On Friday 15 April, foreign teachers, members of NUGW Tokyo Nambu branch unions, assembled in a boisterous demonstration opposite the Diet building in Tokyo. Union members from Fukuoka, Iwate, Kobe, and Nagoya, as well as over 30 participants from Kanto, were present. “Being here really does make a difference,” said Louis Carlet, Nambu Deputy Secretary-General. Carlet introduced nine members currently in dispute and Diet Representative Kazuo Inoue, who pledged his commitment to human rights and to improving the working conditions of foreign teachers in Japan.
In the following hearing, NUGW members were supported by Democratic Party of Japan Representatives Inoue and Chiemi Kobayashi in quizzing seven officials from the ministries of Health, Labour and Welfare, and Education, Culture, Sports, Science and Technology (MEXT). In opening remarks, Representative Kobayashi detailed problems faced by minorities in Japan, including the plight of refugees, the media emphasis on crimes by foreigners, and the need for greater understanding and exchange at the personal level.

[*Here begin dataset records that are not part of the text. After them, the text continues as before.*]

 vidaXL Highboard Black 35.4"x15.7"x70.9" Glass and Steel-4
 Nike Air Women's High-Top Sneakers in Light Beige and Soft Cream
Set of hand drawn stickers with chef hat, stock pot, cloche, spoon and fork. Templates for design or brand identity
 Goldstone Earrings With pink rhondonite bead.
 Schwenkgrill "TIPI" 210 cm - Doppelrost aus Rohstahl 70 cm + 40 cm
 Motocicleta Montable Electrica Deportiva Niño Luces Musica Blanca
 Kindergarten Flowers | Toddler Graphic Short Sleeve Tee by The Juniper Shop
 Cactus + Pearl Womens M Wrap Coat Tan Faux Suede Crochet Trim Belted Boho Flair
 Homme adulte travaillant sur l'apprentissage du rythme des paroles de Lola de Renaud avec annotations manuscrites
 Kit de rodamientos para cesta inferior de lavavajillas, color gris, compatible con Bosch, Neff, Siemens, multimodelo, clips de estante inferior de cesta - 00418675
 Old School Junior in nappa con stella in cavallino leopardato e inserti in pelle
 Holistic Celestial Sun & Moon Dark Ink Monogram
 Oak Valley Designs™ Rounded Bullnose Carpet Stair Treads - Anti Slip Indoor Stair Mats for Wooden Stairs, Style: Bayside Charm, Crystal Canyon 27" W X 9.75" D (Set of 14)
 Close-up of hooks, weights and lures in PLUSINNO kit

As discussions got under way, Louis Carlet argued pushed for more effective Labor Standards Offices to eliminate unpaid wages and unpaid overtime. One sign of progress was the action of the Education Ministry in sending out notices to boards of education telling them to stop using illegal servicing contracts (gyomu itaku) for ALTs. Another issue raised was the increasing use of fixed-term non-renewable contracts. In support of this and other contentions, Robert Lohmann, UTU president, presented the translation of The University Teachers Union Survey of Foreign Nationals at Japanese Universities 2004. Over a quarter of the respondents were on fixed-term contracts, which threatened the security and livelihoods of teachers, both foreign and Japanese, and their families. Lohmann appealed for issues raised by the survey to be further investigated, and called for greater legal protection and security for foreign workers. Evan Heimlich, chair of the Kobe University Branch of Education Workers Amalgamated Union (EWA) Osaka, then raised the issue of the Tokunin systems which require foreign language teachers, with the expiration of their contracts, to compete for their own posts against ?fresh? applicants.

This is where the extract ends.